Ça n’arrive presque jamais qu’il me précède dans la chambre et s’endorme. Je suis seule dans le salon et je lutte contre le sommeil pour faire durer cette solitude, je l’ai trop rarement vécue. Je me rappelle que ma mère, qui était un véritable animal social, qui recevait sans cesse, papotait, passait des heures au téléphone, nous avait déclaré qu’elle aspirait à une plus grande solitude, pourquoi pas une retraite en couvent. Nous, les enfants, avions ri, incrédules, mais aujourd’hui, je mesure cette nécessité de parfois s’absenter aux autres. Maintenant, j’entends la pluie.

lancement

Cette semaine le journal se met entre parenthèses (un pèlerinage familial avec l’entrée au 13 rue Becaria puis passage Corbera — les filles à la maison, comme des vacances — une apparition réjouissante à la gravure — rencontrer lors d’une dînette la fille de coopérants née à Alger en 1967 —  réimpression de quelques volumes de Comanche — deux heures au café avec Marine pour faire un peu plus connaissance — être la cible d’un virus qui me met KO).

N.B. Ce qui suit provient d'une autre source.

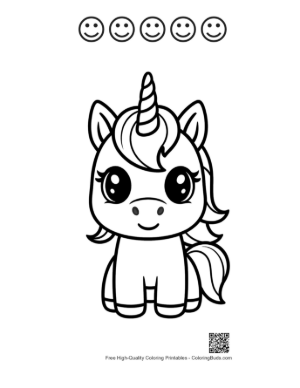 Thumbnail: Cute Kawaii Unicorn Outline Printable and 5 Happy Face Outline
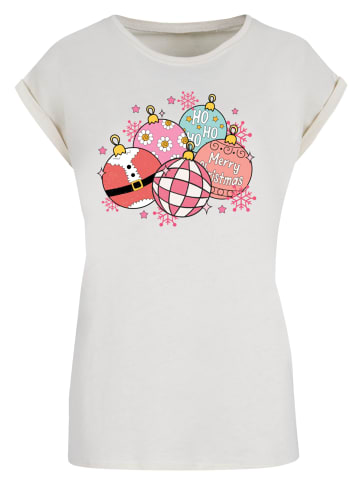 F4NT4STIC Extended Shoulder T-Shirt Pink Cute Weihnachten Tree Balls in Whitesand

Ça n’empêche qu’aujourd’hui je suis très émue d’annoncer le lancement de Fugue pour visage,  le poème de Marine Riguet paru chez MaelstrÖm ReEvolution. Ça se passe jeudi 20 mars, à la librairie le Delta à 19h00. 

Marine m’a fait le bonheur de choisir un de mes cyanotypes pour illustrer la couverture de son livre. Lors de la soirée Marine en lira un extrait, entourée d’un work in progress de mes cyanotypes, et nous parlerons de la perte, du tâtonnement, du trouble, du paysage.

Je serais très heureuse de vous y retrouver.

des images en suspens

On marche vers La Villette, sous le ciel bleu promis et un vent frais. Après le déjeuner d’anniversaire on traverse le cimetière de Pantin, plusieurs parties sont très endommagées, des tombes effondrées. Le cimetière est immense, on a du mal à en apercevoir les limites. En sortant nous croisons deux femmes, la plus âgée à la plus jeune, Ça finit toujours comme ça les tombes, on les abandonne.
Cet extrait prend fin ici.